- **THE TASK**:
Beginning with the line containing "This is an example", transcribe every line exactly down to the last one in the records below, and drop the pictures.

(Web page caption snippets)
####

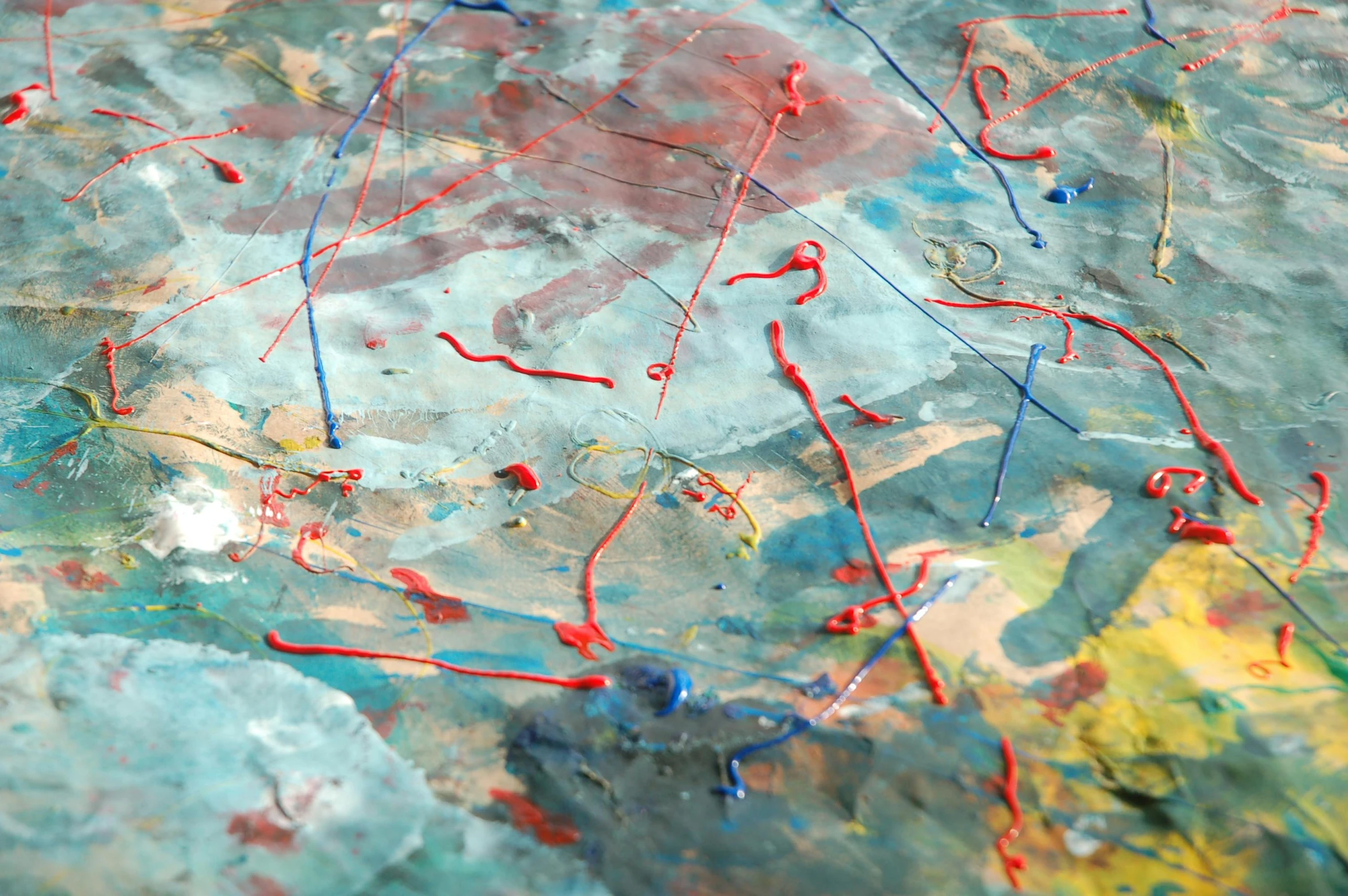 a close up of a painting on a table, inspired by Pollock, flickr, action painting, azure and red tones, muted blue and red tones, music, birdseye view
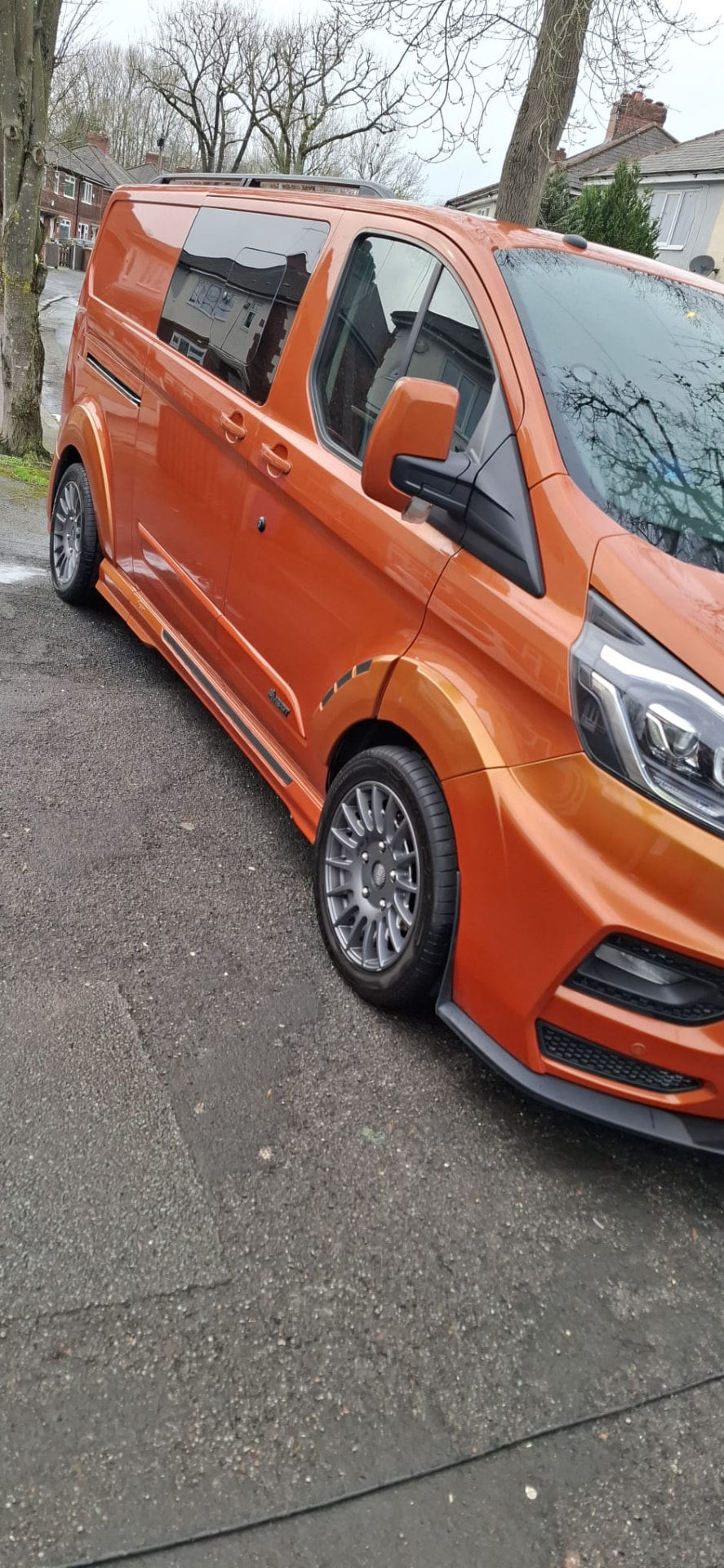 Orange Ford Transit Custom MS-RT exterior valet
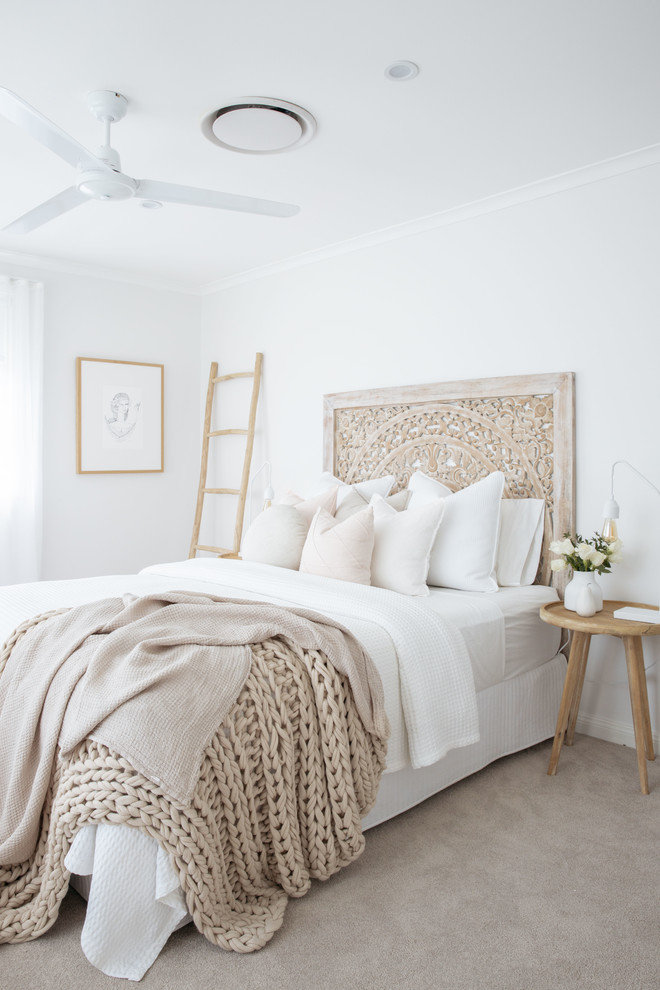 This is an example of a large nautical master bedroom in Sydney with white walls, carpet and grey floors.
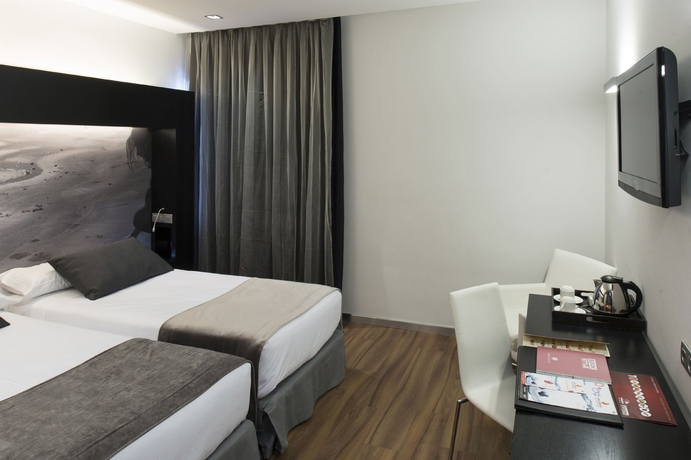 Imagen de la habitación del Hotel Catalonia Catedral. Foto 11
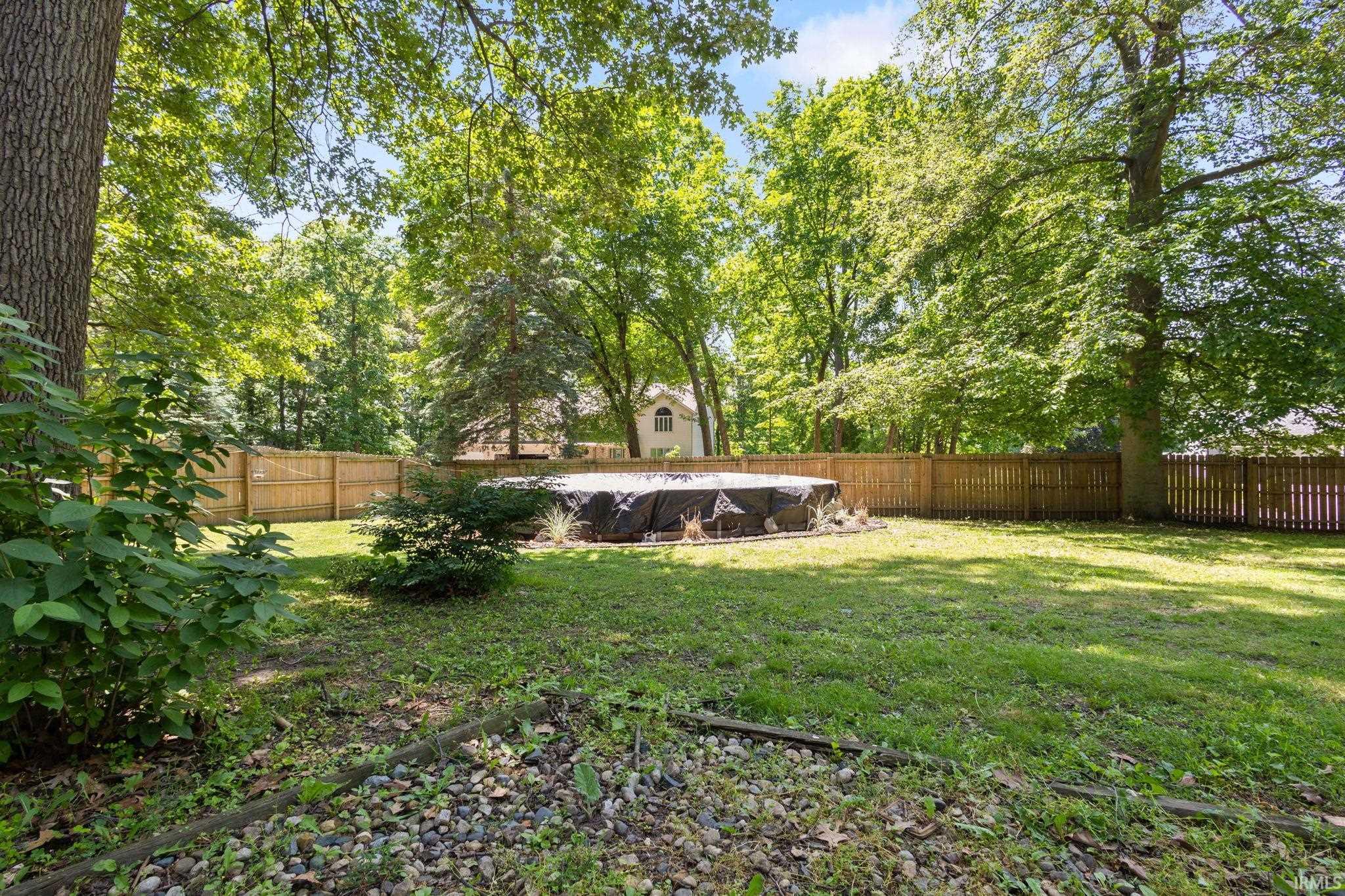 Expansive backyard featuring a covered above-ground pool, mature trees, manicured lawn, and wood privacy fencing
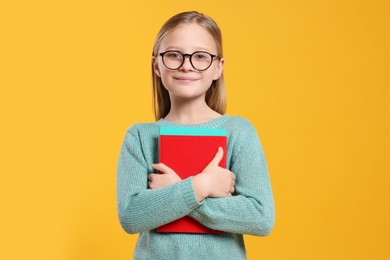 Photo of Portrait of cute girl in glasses with books on orange background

####

- **COMPLETED EXERCISE**:
 This is an example of a large nautical master bedroom in Sydney with white walls, carpet and grey floors.
 Imagen de la habitación del Hotel Catalonia Catedral. Foto 11
 Expansive backyard featuring a covered above-ground pool, mature trees, manicured lawn, and wood privacy fencing
 Photo of Portrait of cute girl in glasses with books on orange background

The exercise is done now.